# PROMPT
Give again exactly the lines that stretch from the one with "Profil côté gauche" to the end of the data below, including both of those lines and nothing else.

# SUPPLIED RECORDS
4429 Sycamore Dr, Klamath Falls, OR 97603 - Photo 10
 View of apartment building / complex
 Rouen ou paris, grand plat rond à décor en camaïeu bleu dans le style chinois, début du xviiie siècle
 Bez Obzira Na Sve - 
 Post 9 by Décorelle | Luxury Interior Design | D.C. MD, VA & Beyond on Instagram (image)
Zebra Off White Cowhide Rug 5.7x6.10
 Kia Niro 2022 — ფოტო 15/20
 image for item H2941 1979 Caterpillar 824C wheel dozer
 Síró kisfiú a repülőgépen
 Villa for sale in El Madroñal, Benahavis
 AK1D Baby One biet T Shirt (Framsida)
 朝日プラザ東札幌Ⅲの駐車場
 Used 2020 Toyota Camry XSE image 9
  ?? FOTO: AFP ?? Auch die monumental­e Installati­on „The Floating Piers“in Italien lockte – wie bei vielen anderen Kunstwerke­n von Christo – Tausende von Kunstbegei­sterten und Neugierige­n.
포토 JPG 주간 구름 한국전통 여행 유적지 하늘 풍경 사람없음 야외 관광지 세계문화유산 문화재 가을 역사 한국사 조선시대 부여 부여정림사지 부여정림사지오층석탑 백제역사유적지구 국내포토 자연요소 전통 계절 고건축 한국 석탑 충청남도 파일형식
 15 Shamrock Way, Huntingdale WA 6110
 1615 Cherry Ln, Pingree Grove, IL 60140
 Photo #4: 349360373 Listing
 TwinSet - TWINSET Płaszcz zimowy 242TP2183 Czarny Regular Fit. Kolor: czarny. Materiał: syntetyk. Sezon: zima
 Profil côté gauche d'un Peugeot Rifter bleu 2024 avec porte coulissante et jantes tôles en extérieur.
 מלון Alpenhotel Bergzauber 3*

# RESPONSE AREA
 Profil côté gauche d'un Peugeot Rifter bleu 2024 avec porte coulissante et jantes tôles en extérieur.
 מלון Alpenhotel Bergzauber 3*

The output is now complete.